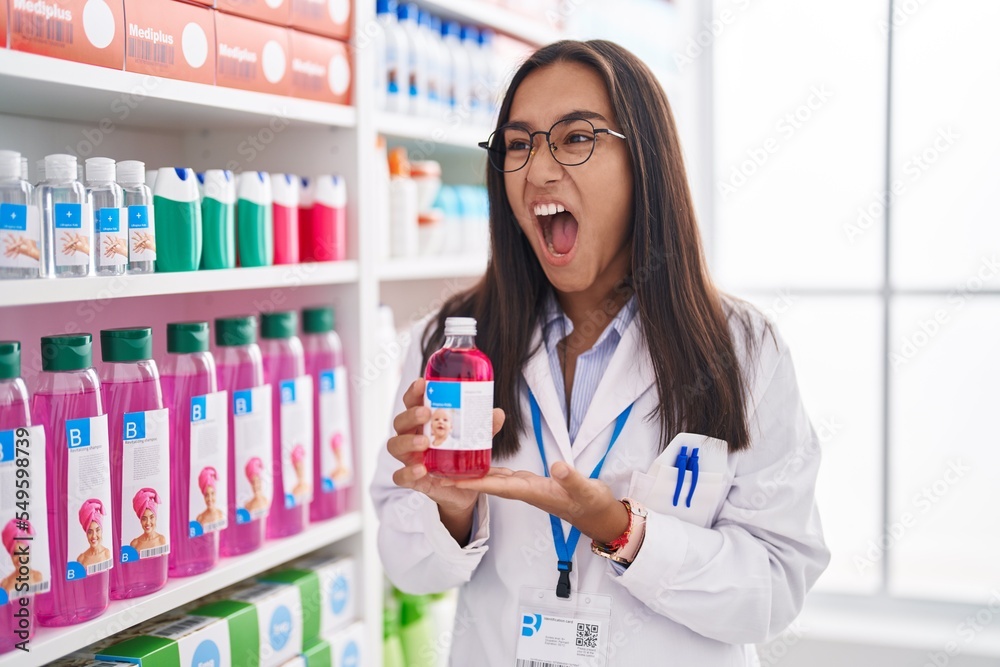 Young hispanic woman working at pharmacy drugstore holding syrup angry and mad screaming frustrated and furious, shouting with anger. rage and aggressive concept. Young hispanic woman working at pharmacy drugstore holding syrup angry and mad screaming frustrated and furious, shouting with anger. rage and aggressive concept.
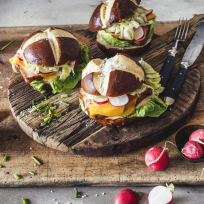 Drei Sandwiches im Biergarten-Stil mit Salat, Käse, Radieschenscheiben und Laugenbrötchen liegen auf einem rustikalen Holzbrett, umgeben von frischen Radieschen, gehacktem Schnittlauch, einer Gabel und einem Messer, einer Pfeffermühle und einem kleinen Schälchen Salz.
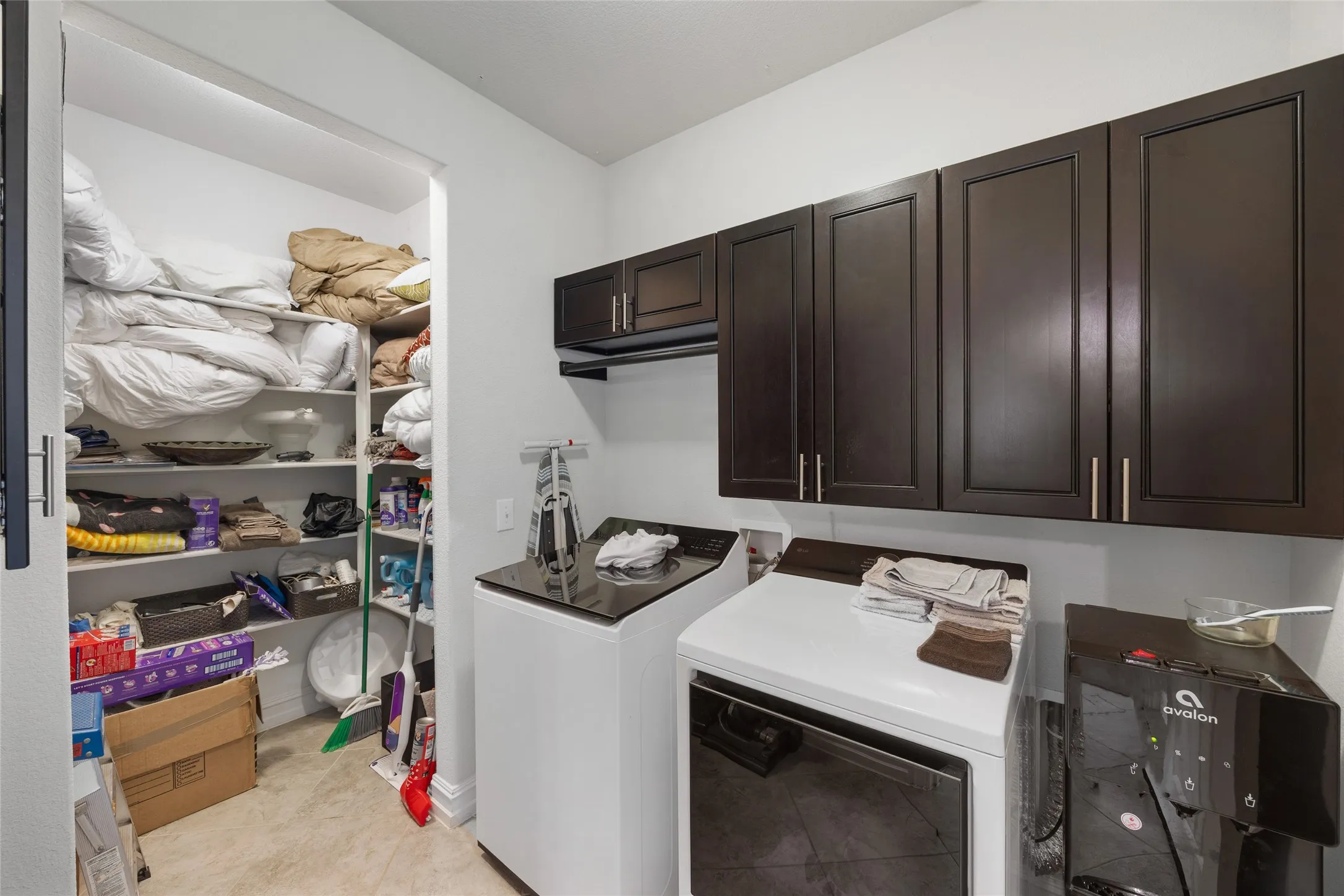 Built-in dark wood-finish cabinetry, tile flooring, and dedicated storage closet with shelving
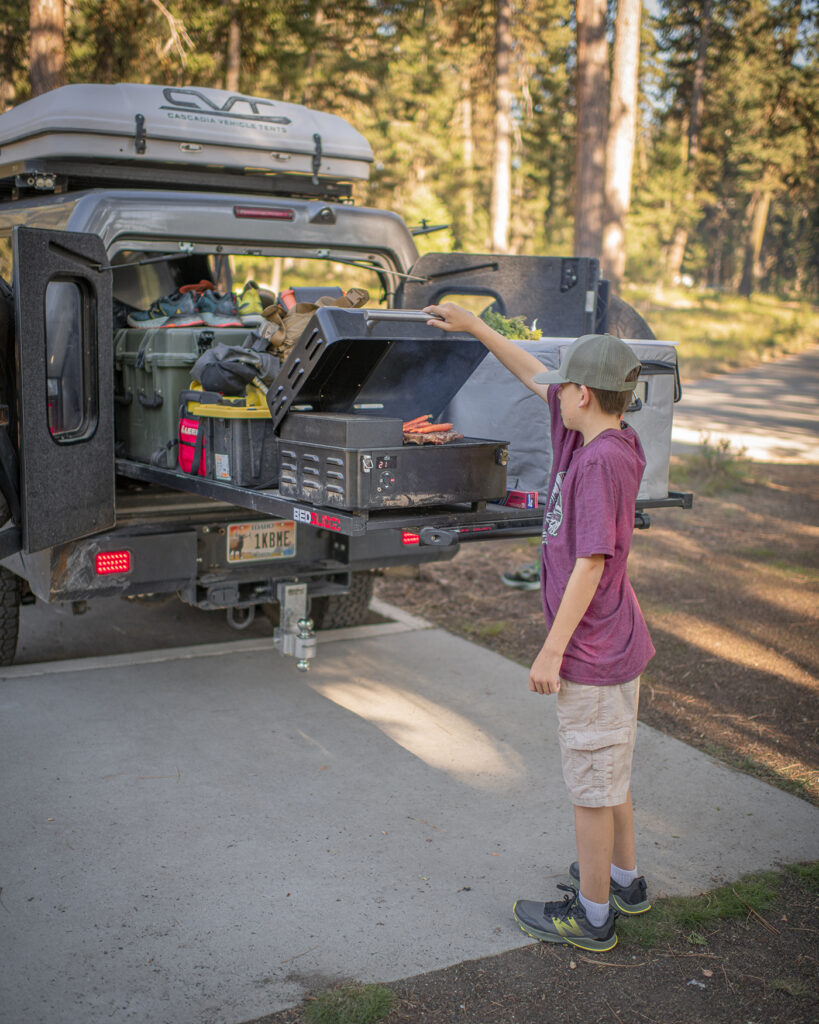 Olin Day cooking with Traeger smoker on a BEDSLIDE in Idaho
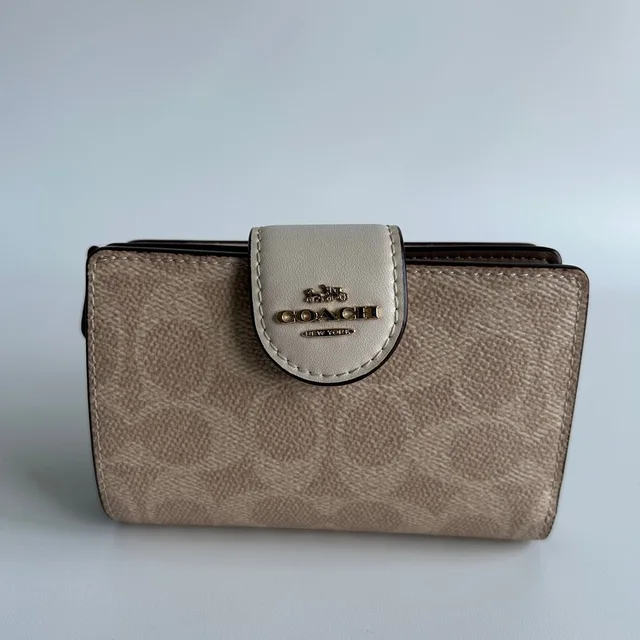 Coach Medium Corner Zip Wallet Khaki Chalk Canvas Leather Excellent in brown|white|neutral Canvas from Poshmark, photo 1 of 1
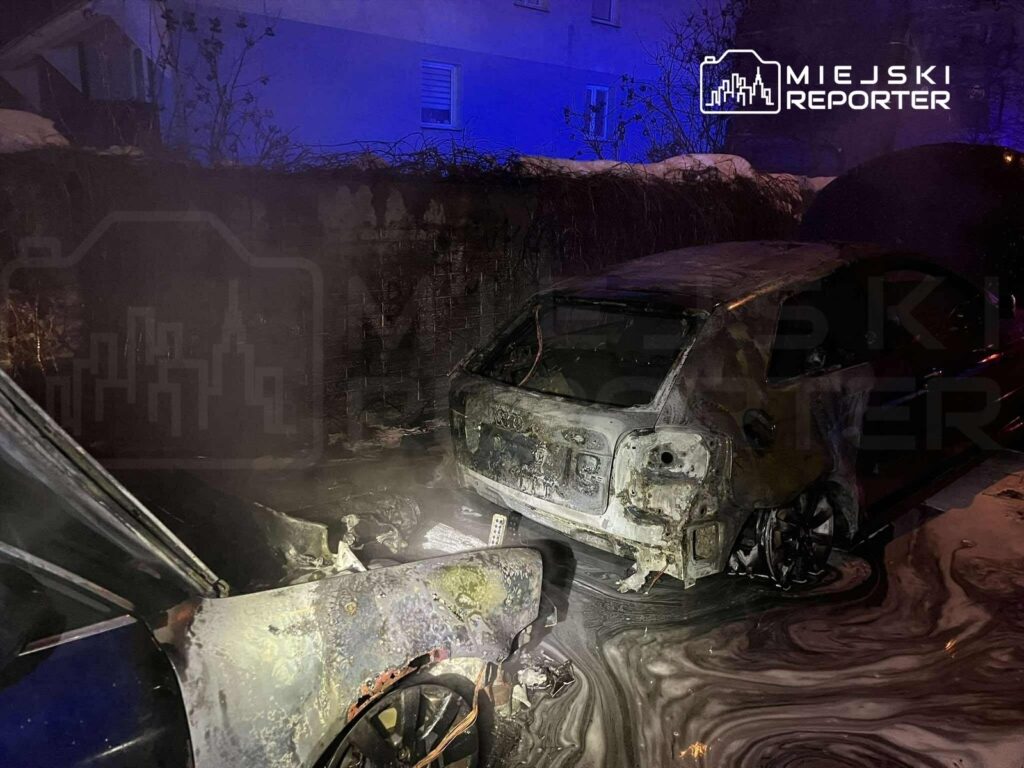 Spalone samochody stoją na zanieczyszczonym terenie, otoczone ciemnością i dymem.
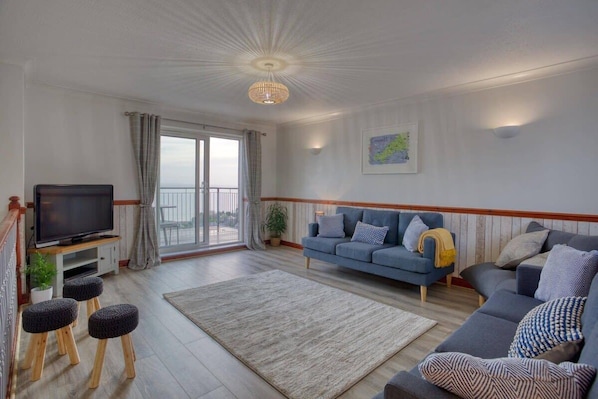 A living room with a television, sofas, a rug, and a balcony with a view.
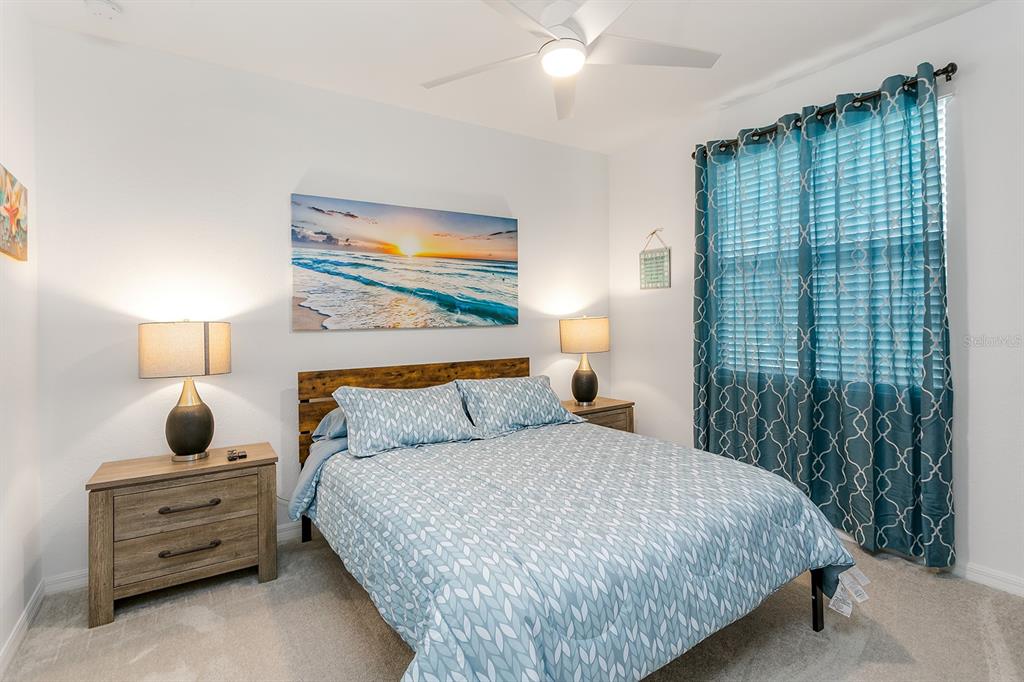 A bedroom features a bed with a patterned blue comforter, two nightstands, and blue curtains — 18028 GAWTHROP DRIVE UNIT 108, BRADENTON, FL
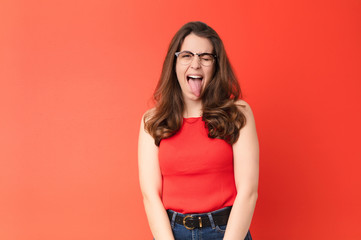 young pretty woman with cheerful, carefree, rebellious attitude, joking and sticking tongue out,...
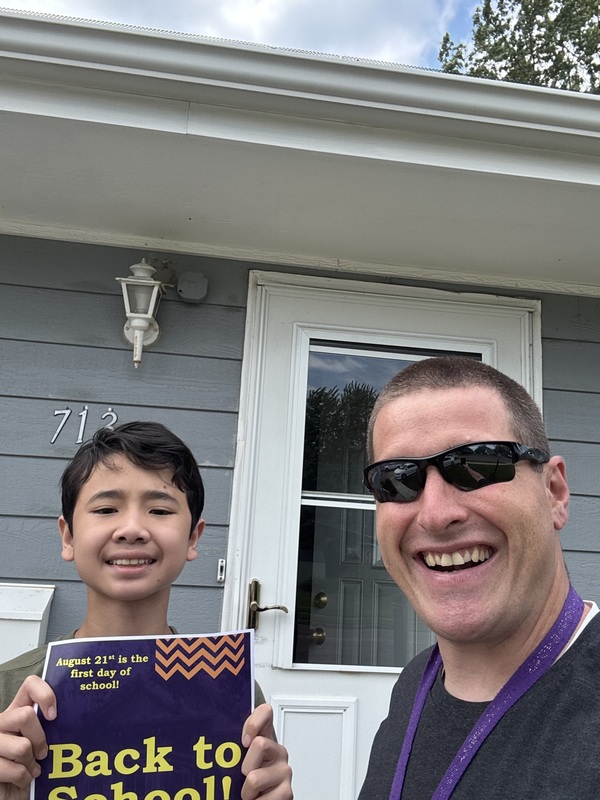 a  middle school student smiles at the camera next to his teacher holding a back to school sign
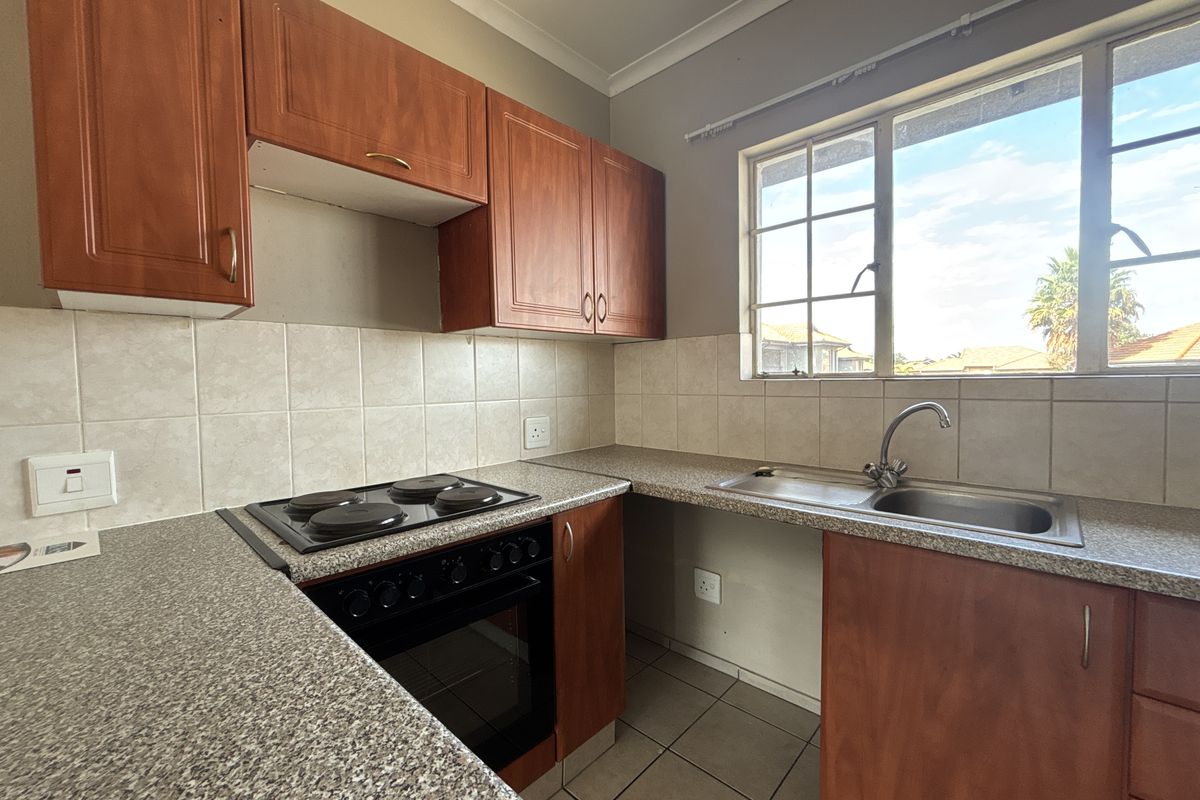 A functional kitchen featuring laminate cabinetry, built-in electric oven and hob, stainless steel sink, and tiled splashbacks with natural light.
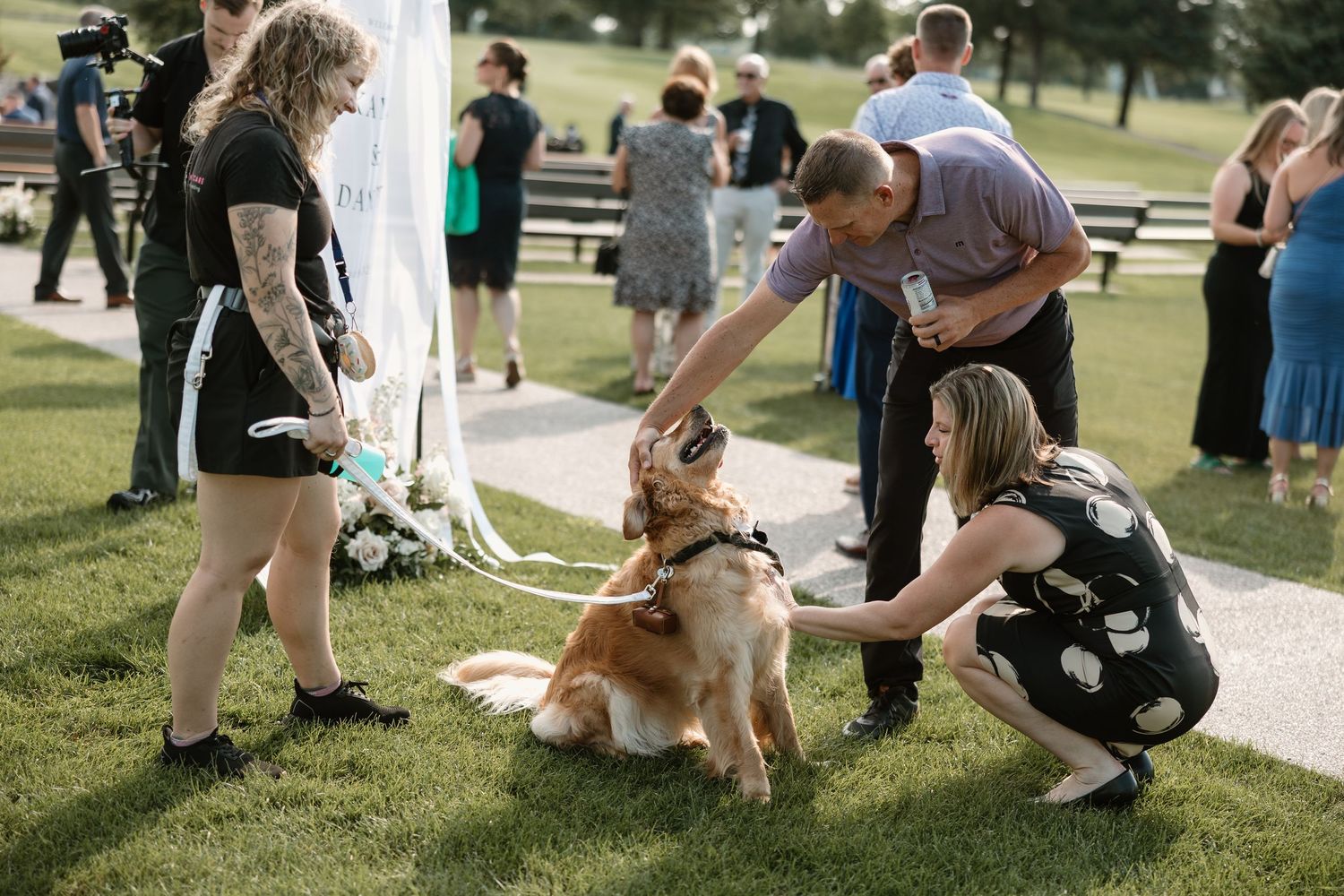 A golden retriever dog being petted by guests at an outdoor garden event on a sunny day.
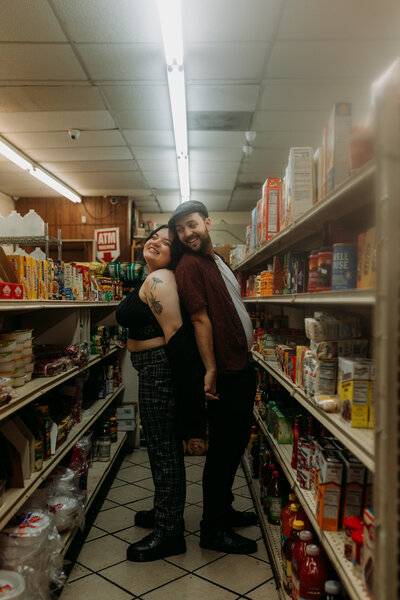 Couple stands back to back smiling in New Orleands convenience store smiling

************

• **What needs to be done**: Return the lines above from the one with "Built-in dark wood-finish" through the one with "A living room", verbatim and nothing else. Omit every picture.

• **Answer box**:
 Built-in dark wood-finish cabinetry, tile flooring, and dedicated storage closet with shelving
 Olin Day cooking with Traeger smoker on a BEDSLIDE in Idaho
 Coach Medium Corner Zip Wallet Khaki Chalk Canvas Leather Excellent in brown|white|neutral Canvas from Poshmark, photo 1 of 1
 Spalone samochody stoją na zanieczyszczonym terenie, otoczone ciemnością i dymem.
 A living room with a television, sofas, a rug, and a balcony with a view.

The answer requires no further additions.